- Task prompt -
Copy word for word, please, the lines of the entries below running from the one containing "HELLA 8MV376757-421 (8MV376757421)" to the one containing "ให้เช่าคอนโด ลุมพินี วิลล์", both ends included.

- Record extracts -
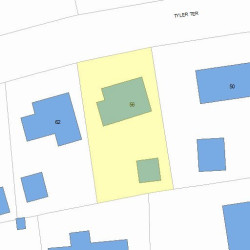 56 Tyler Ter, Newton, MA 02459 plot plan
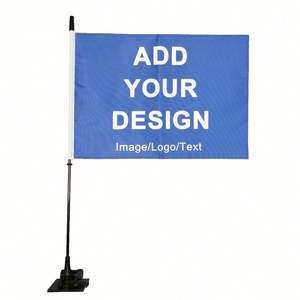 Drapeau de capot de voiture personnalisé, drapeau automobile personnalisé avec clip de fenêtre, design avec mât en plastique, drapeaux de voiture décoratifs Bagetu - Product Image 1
==
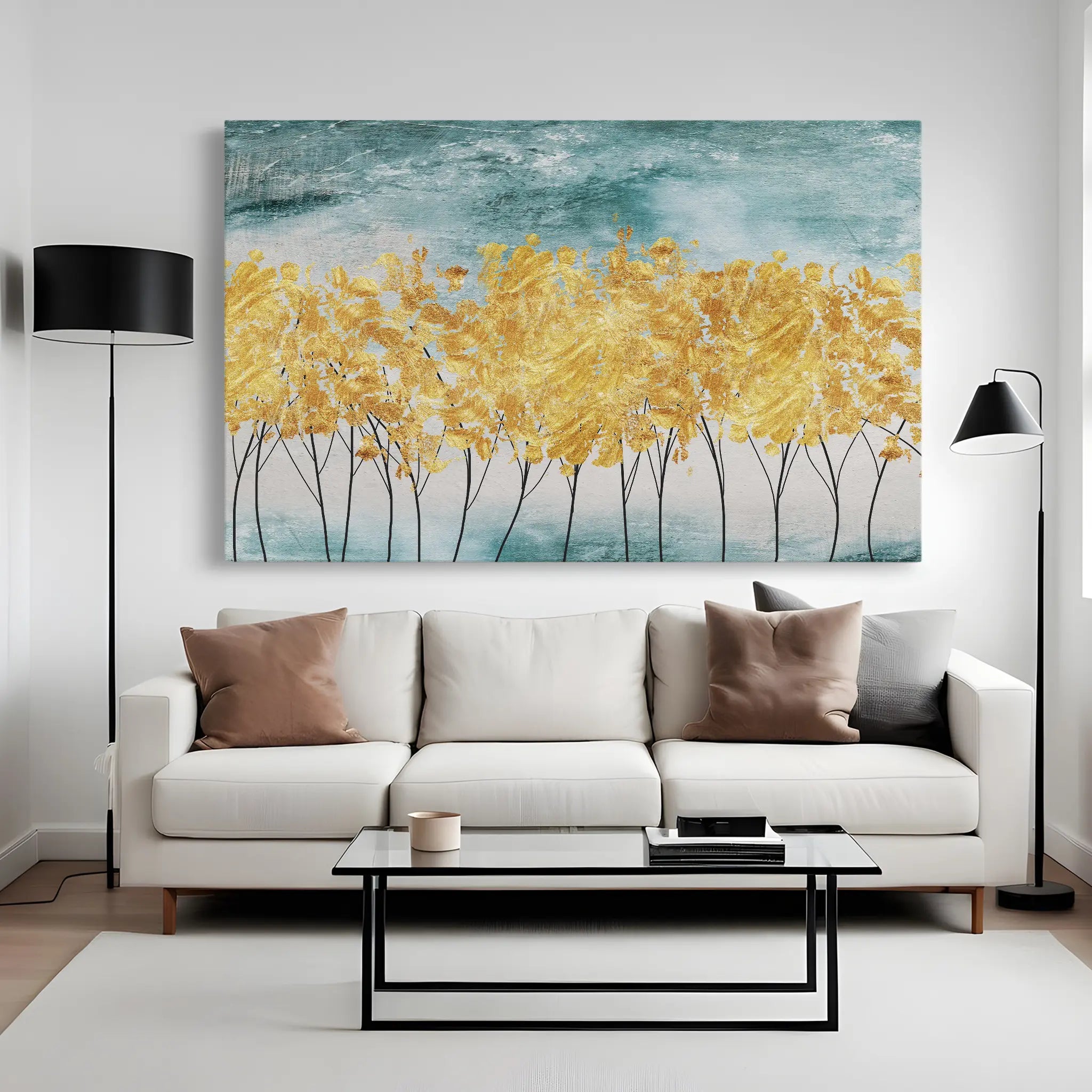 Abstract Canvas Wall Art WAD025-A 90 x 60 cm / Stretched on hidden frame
==
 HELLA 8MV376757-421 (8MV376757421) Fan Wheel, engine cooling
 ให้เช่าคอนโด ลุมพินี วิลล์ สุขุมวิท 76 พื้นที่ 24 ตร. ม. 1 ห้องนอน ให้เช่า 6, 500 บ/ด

- The completed task -
 HELLA 8MV376757-421 (8MV376757421) Fan Wheel, engine cooling
 ให้เช่าคอนโด ลุมพินี วิลล์ สุขุมวิท 76 พื้นที่ 24 ตร. ม. 1 ห้องนอน ให้เช่า 6, 500 บ/ด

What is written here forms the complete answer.